The test of a language is what it gives the user, not how many lines of code it is. JMC's original Lisp is about 50 LOC.
Imagine if I spent the next year writing an immensely complicated optimizing compiler for Arc, and succeeded in making it 2x faster than code generated by the compiler the MzScheme guys have spent so many years writing. A lot of people would be more impressed with Arc then. And yet I'd have pretty much wasted my time. Arc is already acceptably fast. So at the end of this exercise I'd have produced a language that was better in ways users didn't care about, and no better in the ways they do (language features).
Instead I work on language design. Like JMC's code, this kind of thing is easy to copy-- once someone has already shown it to you.
You know, when I write about how one should work on the problems that really matter instead of the ones that are prestigious, people read those essays and think "yes, obviously, that's exactly what I'd do." But it's not till you try working on unfashionable problems that you see how immense the pressure is to work on fashionable ones.
Just as well I've avoided saying most of the "things you can't say," or 90% of the people who read that essay and think "hear, hear" would hate me instead....
so why aren't you using Dr Scheme directly?
[edit in response to pg's edit]
to be specific, why don't you have arc include the various high level modularity and semantic abstractions that Dr Scheme exposes? eg 1) a powerful high level macrosystem 2) ways of specifying / enforcing module interfaces 3) everything else that i'm forgetting
1) Because I don't think you want anything more "powerful" than defmacro-style macros. 2) Because at this stage I'm focusing mostly on making programs shorter.
Yes, I've been working quite a lot on various bits of the code this summer. In the last couple weeks I've been working on speed improvements and protection against voting rings and spammers in news. (The stories on the frontpage now seem visibly better, at least to me.)
At RubyFringe, Giles Bowkett conjectured "Maybe a programmer is a how, not a what." Although I'd read this before, it shook me. Things in a language's implementation are hows, while things in its design are whats.

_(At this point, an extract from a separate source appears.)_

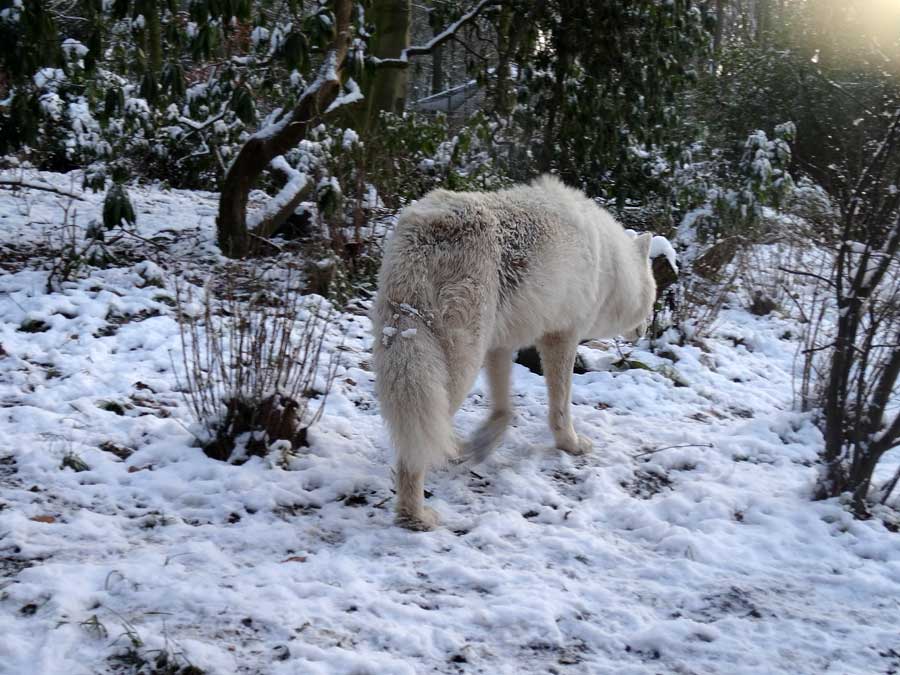 Kanadischer Wolf im Grünen Zoo Wuppertal am 28. Dezember 2014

Doug Kaye: The second chapter of the book, which is in fact entitled Hackers and Painters, draws parallels between hacking and painting. In what ways do you think to program is more like painting than it is like some of our more common metaphors such as engineering?
Paul Graham: One big difference between painting and engineering is engineers.in buildings for example there is this distinction between architects and engineers. Architects decide what the building is going to look like basically and then they say to an engineer, "Can I do this? And then how?" And the engineer figures out how. So architects figure out "what," engineers figure out "how." Well painters do both. Painters decide what to paint and then have to paint it. And hackers in the best case also do both. They're not merely engineers who just figure out "how." The great hackers decide "what" and then figure out "how." And in fact the two can influence one another in a cycle in the best case. In the best case, you figure out "what" by trying various "hows."
So to get the terminology right, Dr Scheme is a "programming environment" (think of it as the IDE) for PLT Scheme. Arc runs on MzScheme, which is PLT's implementation of Scheme (plus a lot of other things too).
I haven't heard of anyone using Dr Scheme as an editor / IDE for Arc.
I've used Dr Scheme with arc (technically anarki-arc). It worked with no problem on Windows XP / Windows Vista / Ubuntu / Mac OS X (10.5). It's probably the single easiest way to demo it to someone that isn't familiar with lisp/scheme. (java heads, .net programmers, etc.)
Demoing it with a eclipse / visual studio like IDE really does make a difference. There a a surprising number of people who dislike VI/VIM and emacs.
When I'm actually doing arc development I use emacs and inferior-arc.
Arc is a few syntactic rewrites layered on top of dr scheme with some relatively unique libraries that could easily be ported back to dr scheme.